I always use the normal white thermal heatsink compound on the threads. It makes changing tips much easier.


----------



## 65535 (Feb 21, 2010)

Fry's electronics should, depending on what unit you have. Though they are being phased out my ET* tips are still available around $5 a tip plus shipping.


----------



## HighLight (Feb 21, 2010)

My tips looks just like yours after awhile. I just very lightly go over that dark spot with very fine sandpaper and then i re-tin the tip with lots of solder. I then unplug the iron and wipe all over the tip with a wet paper towel concentrating on the area with the dark spot. I keep on brushing over the tip with the wet paper towel until its almost cooled off. This works for me.ymmv


----------



## Illum (Feb 21, 2010)

heh, I've been really bad on my tips, but they seem to hold up well.

I've never seen something like that before, when my tips gets dull I usually chuck them on the drill press and "work it out" using a fine file at an angle, then proceed to tin. hasn't failed me yet


----------



## Lynx_Arc (Feb 21, 2010)

my iron is an old Ungar and I use iron plated copper tips on it, I have had to replace 1 tip only because it broke off after 20 years of use and the heating element died but I had an element with a tip from my late fathers iron I swapped into it. I don't know if you can find iron plated tips any more but they hold up a lot better than others.


----------



## Norm (Feb 21, 2010)

StrikerDown said:


> I have an old Weller with some tips over 20 years old!


 Same here, to me your tip looks fine, I would't be worrying too much about it.
Norm


----------



## Aircraft800 (Feb 21, 2010)

Dam, your tip last that long?

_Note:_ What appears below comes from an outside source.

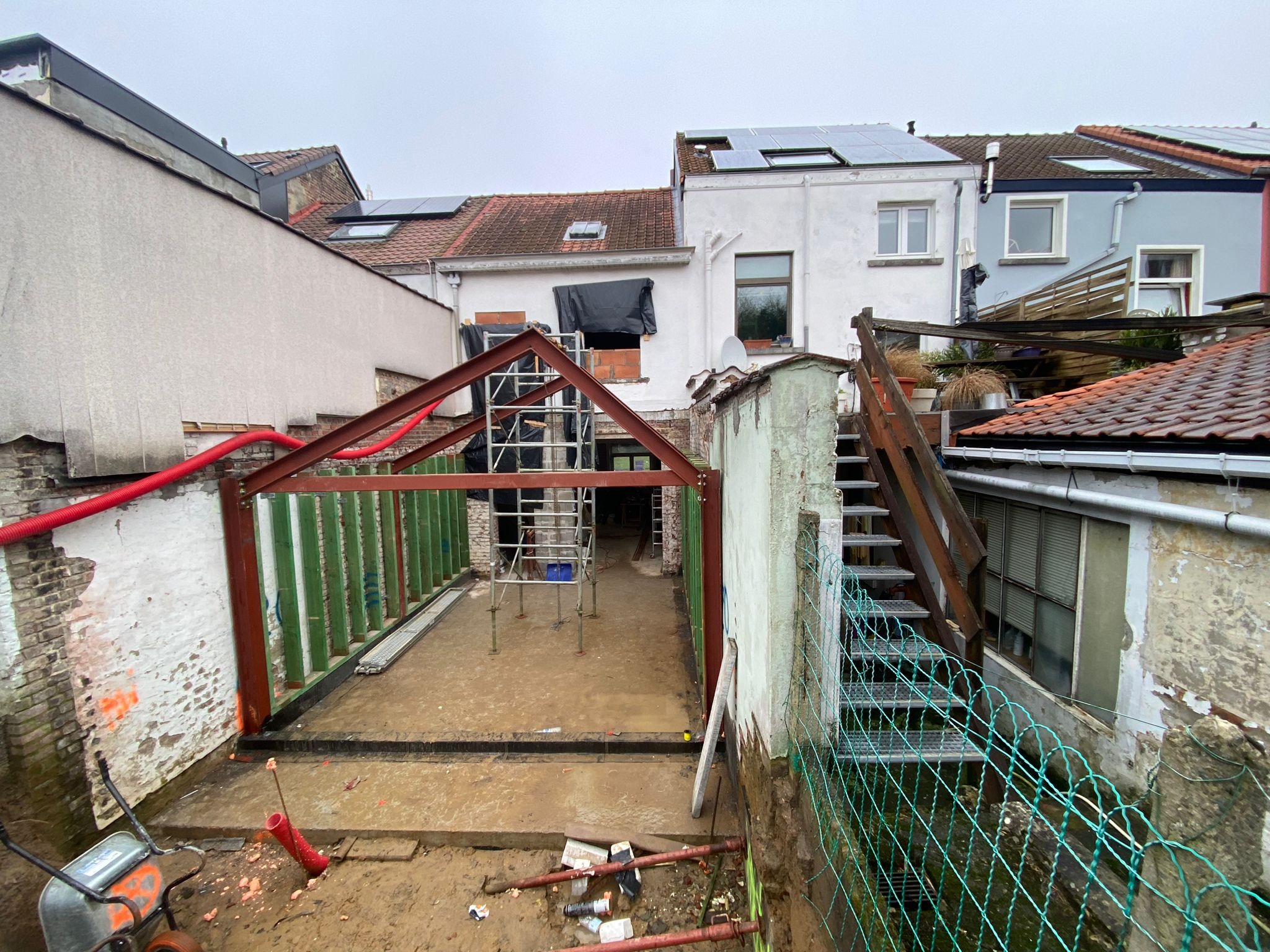 Budowa domu murowanego w trakcie realizacji: widok na konstrukcję stalową, rusztowania i przygotowany teren pod wylewkę, z widocznymi elementami instalacji i sąsiednią zabudową.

I replace mine 2-3 times a year on my 25w iron. I wish there were nice ones like the one you have available for mine.


I really need a quality iron!


----------



## darkzero (Feb 21, 2010)

HighLight said:


> My tips looks just like yours after awhile. I just very lightly go over that dark spot with very fine sandpaper and then i re-tin the tip with lots of solder.


 
Can't tell for sure but that dark spot looks like the plating has flaked off in that area as he has suspected? Then again the entire tip almost looks like it has been sanded before. If the spot is not from the coating flaking off you may be able to just lightly scrap it off with a razor blade.




Illum said:


> when my tips gets dull I usually chuck them on the drill press and "work it out" using a fine file at an angle, then proceed to tin. hasn't failed me yet


 
Many tips are plated so sanding them would ruin those tips. They might still tin ok but won't continue to stay tinned after use after oxidizing until resanding again. A light sanding or polishing might be ok on plated tips but eventually the plating will be gone.


----------



## Illum (Feb 21, 2010)

darkzero said:


> Many tips are plated so sanding them would ruin those tips. They might still tin ok but won't continue to stay tinned after use after oxidizing until resanding again. A light sanding or polishing might be ok on plated tips but eventually the plating will be gone.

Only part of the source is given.